You can either run the generated C# code projects from Visual Studio or with dotnet run (.NET Core CLI).

Prepare your data

We are going to use an existing dataset used for a 'Sentiment Analysis' scenario, which is a binary classification machine learning task. You can use your own dataset in a similar way, and the model and code will be generated for you.

  1. Download The UCI Sentiment Labeled Sentences dataset zip file (see citations in the following note), and unzip it on any folder you choose.

    Note

    The datasets this tutorial uses a dataset from the 'From Group to Individual Labels using Deep Features', Kotzias et al,. KDD 2015, and hosted at the UCI Machine Learning Repository - Dua, D. and Karra Taniskidou, E. (2017). UCI Machine Learning Repository [http://archive.ics.uci.edu/ml]. Irvine, CA: University of California, School of Information and Computer Science.
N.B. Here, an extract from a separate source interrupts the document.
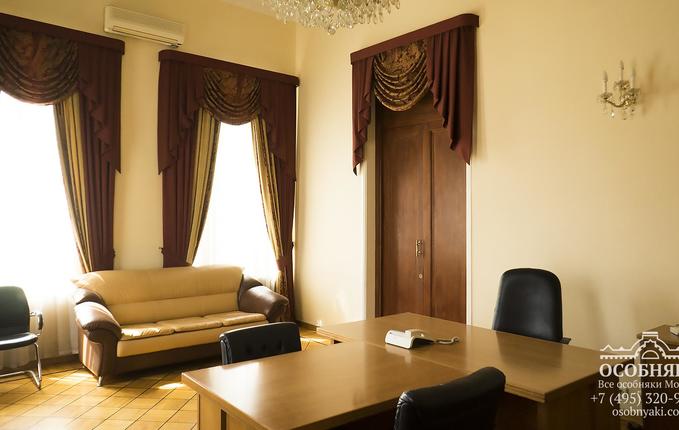 на Покровском бульваре, 16, площадь 607 м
  2. Copy the yelp_labelled.txt file into any folder you previously created (such as /cli-test).

  3. Open your preferred command prompt and move to the folder where you copied the dataset file. For example:

    > cd /cli-test
    

    Using any text editor such as Visual Studio Code, you can open, and explore the yelp_labelled.txt dataset file. You can see that the structure is:

    • The file has no header. You will use the column's index.
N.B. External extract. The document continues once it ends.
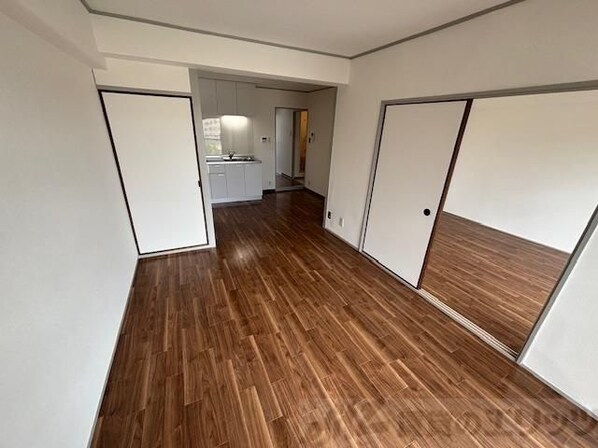 マンション紫明園の物件内観写真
    • There are just two columns:

      Text (Column index 0) Label (Column index 1)
      Wow... Loved this place. 1
      Crust is not good. 0
      Not tasty and the texture was just nasty. 0
      ...MANY MORE TEXT ROWS... ...(1 or 0)...
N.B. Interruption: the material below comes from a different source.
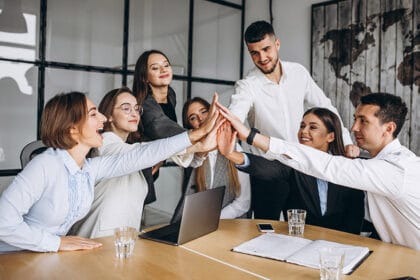 grupa-mladi-devojke-mladici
    Make sure you close the dataset file from the editor.

    Now, you are ready to start using the CLI for this 'Sentiment Analysis' scenario.

    Note

    After finishing this tutorial you can also try with your own datasets as long as they are ready to be used for any of the ML tasks currently supported by the ML.NET CLI Preview which are 'Binary Classification', 'Multi-class Classification' and 'Regression').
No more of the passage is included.